Understanding the architecture
To understand how Elasticsearch works, it's necessary that we learn about the architecture of it.
To understand how index, types, documents, and fields work together, let's refer to the following figure:

As seen in the preceding figure, an index contains one or multiple types. A type can be thought of as a table in a relational database. A type has one or more documents. There are one or more fields in the document. Fields are key value pairs.
A cluster has one or more nodes. Clusters are identified by their names. By default, elasticsearch
is the name of the cluster. In case you have to set up multiple Elasticsearch instances, in the same network, you should keep different names or else all nodes will join the same cluster. Similar to clusters, a node also has a name. We can assign it a name and a cluster name to join. In case we don't provide a cluster name to join, then nodes will automatically search and join the cluster with the name elasticsearch
.
If we don't provide a name, a node ID is assigned, which is a random Universally Unique Identifier (UUID) and the node will choose its name as the first seven digits of the automatically generated node ID, which will remain unique for each node.
It might happen that an index stores huge data and that it might exceed the hardware size of one node. For such cases, an index can be pided into shards.
There are two types of shards - primary and replica. Each document, when indexed, is first added to the primary shard and then to one or more replica shards. If there are more than one node set up for a cluster, replica shards will be on a different node.
By default, Elasticsearch creates five primary shards and one replica shard for each primary shard. Thus, for an index, if not specified, a total of 10 shards will be created. We can change this configuration and we will learn about it with the Indices API later in this chapter.
Recommended cluster configurations
There are a few configurations that should be taken care of for a proper cluster setup. As we have already discussed, we should provide a cluster name:
cluster.name: my-cluster-name
Similarly, each node should be given a unique name in order to be easily recognized:
node.name: node-1
There are other settings as well that are related to data path, discovery of nodes, and so on.
Minimum master nodes
We can specify a property that Elasticsearch evaluates to find out the minimum number of nodes that are needed as master eligible, before it can be called a cluster. Elasticsearch has a default setting for this, but still when you are planning for an Elasticsearch cluster, always consider this setting.
The reason for using this is to prevent data loss. In case of network failure or some other reason it is possible that the cluster chooses another master while the first one is still up, but unreachable. This brings in a situation that is known as split brain and the cluster is pided into two different clusters and causes data loss.
To avoid this problem, split brain, use this setting for cluster setup.
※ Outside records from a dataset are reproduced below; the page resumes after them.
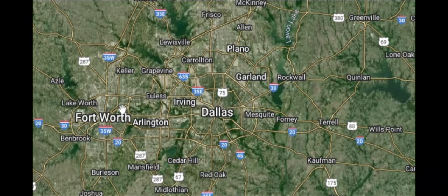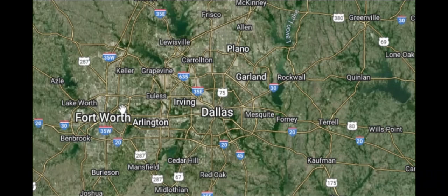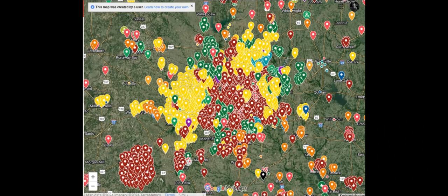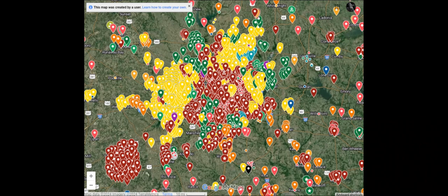This is a normal picture of the area from satellite view, but watch what happens when we turn on the filter. Behold, every outdoor warning siren known in the Dallas-Fort Worth area.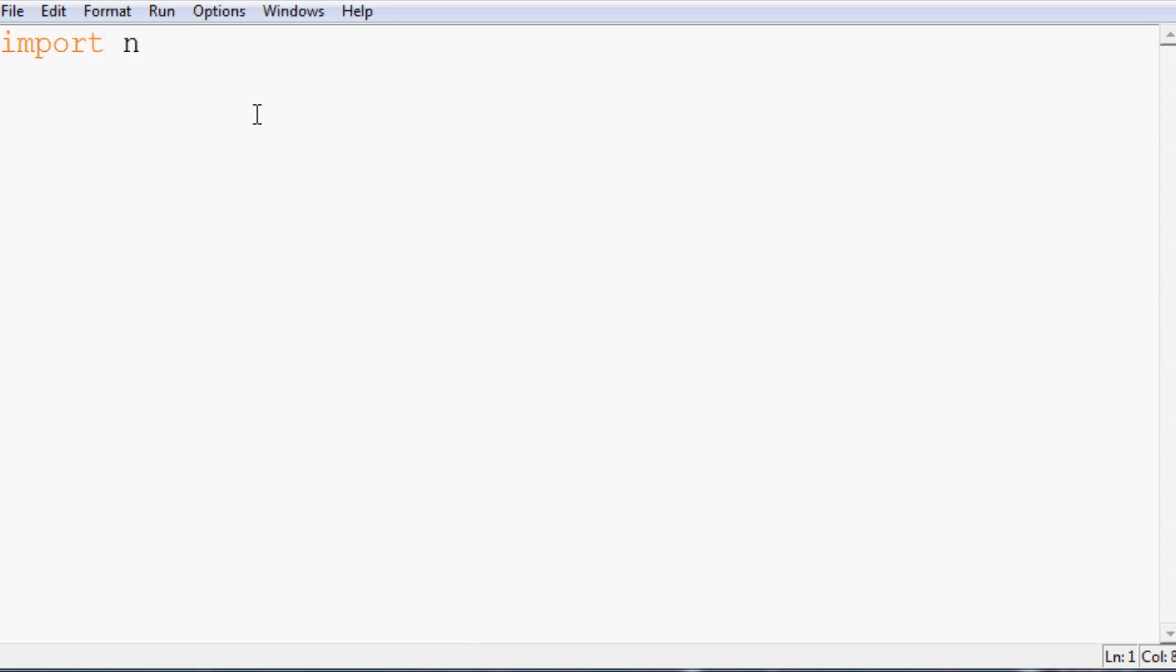First we want to import numpy as np. Then we're going to want to import time. Then finally we want to import math because we're going to use logarithm.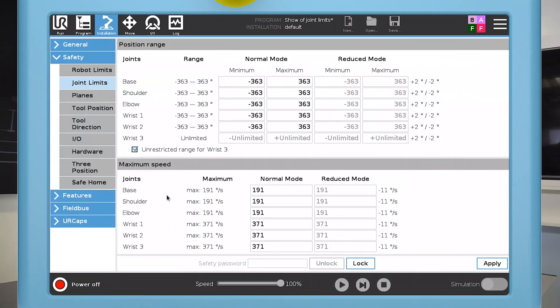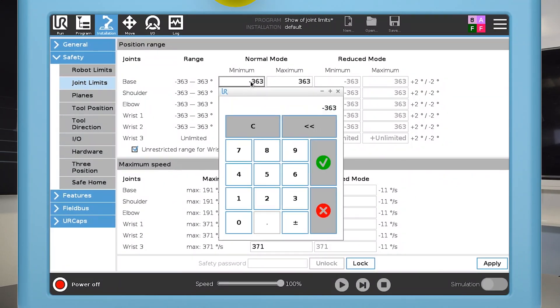Next, I'll limit the range of the base joint so it can only move within the range required to run this program.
The value of this setting can be derived as: ( Total number of nodes / 2 ) + 1
So in case you are going to set up a cluster with four nodes, you should keep this value to 3
:
discovery.zen.minimum_master_nodes: 3
All such nodes should also be using the node.master
setting with the value true
:
node.master: true
We will be learning more about types of nodes in Chapter 8, Elasticsearch APIs modules section.
Local cluster settings
There will be times when you are trying to set multiple instances on the same server. These instances can also share the same data directory that contains indices, shards, cluster metadata, and so on. In order to share the data among instances, each node can use the following code:
path.data: /path/to/data/directory
Usually, when Elasticsearch is extracted from ZIP/TAR and used, it will use the data folder inside the Elasticsearch directory. As a best practice you should keep the data directory outside the Elasticsearch installation directory.
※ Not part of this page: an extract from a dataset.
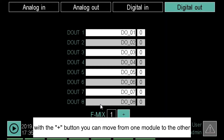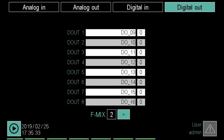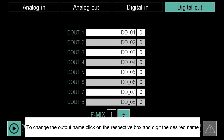With the plus button, you can move from one module to the other. To change the output name, click on the respective box and type the desired name.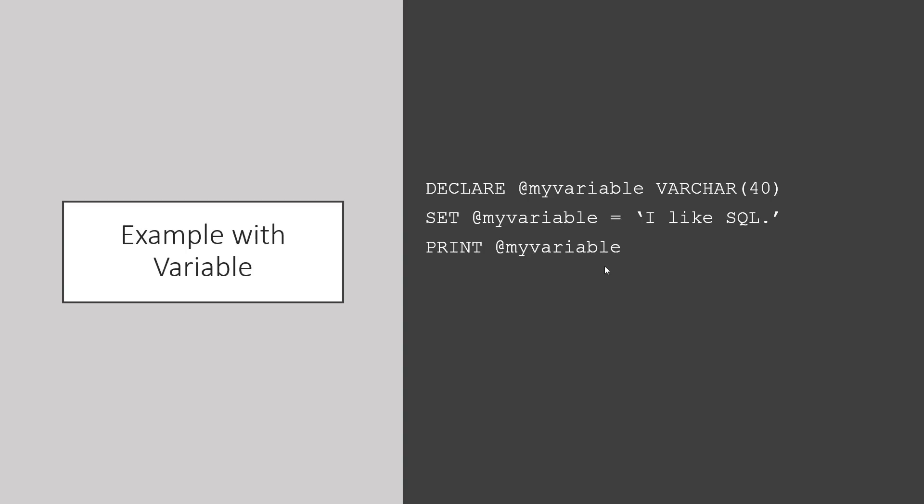You can also use print with variables. For instance, I can declare a variable such as VARCHAR, my variable. I can set it to some characters and then just print the variable.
In case you want a node to behave as a data node you should only set the following:
node.data: true
And then you should keep node.master
as false
.
Elasticsearch, by default, will not allow more than one node to share the same data directory. If you want to share the same data, use this setting:
node.max_local_storage_nodes: 2
The preceding setting code will allow two instances to share the data. You should, however, remember that different type of nodes such as master, data, and so on, should not share the same data directory.
Tip
Setting up multiple instance of Elasticsearch on a single machine is not a recommended configuration for a cluster.
Understanding document processing
As we know, whenever an index is created, shards and replica shards are created. Each shard can have multiple replicas. This complete group is also known as a replication group. In the replication group, the primary shard acts as an entry point for any document indexing operations. The primary shard makes sure that the document and the operation is valid. If everything is alright, the operation is performed and then the primary shard replicates the same operation at the replica shards as well. All of these responsibilities are of the primary shard.
It is not necessary that a document is to be replicated to all replica shards; instead Elasticsearch maintains a copy of who should receive the operation. This list is also called in-sync copies, which is maintained by the master node. By maintaining this list, it is guaranteed that the operation is performed by these shards and the user is also acknowledged. This processing model is also known as the data-replication model, which is based on the primary-backup model.
In case of a failure of a primary shard, the node that has the primary shard sends a message to the master informing it of this. During this period none of the indexing operation will take place and all shards wait for the master to define a primary shard out of the replicas.
Apart from this, the master node also checks the heath of all shards and it can decide to demote a primary shard based on poor health (probably because of a network failure or disconnection). The master instructs another node to start building a new shard so that the system can be restored to a healthy state, that is, the green statue.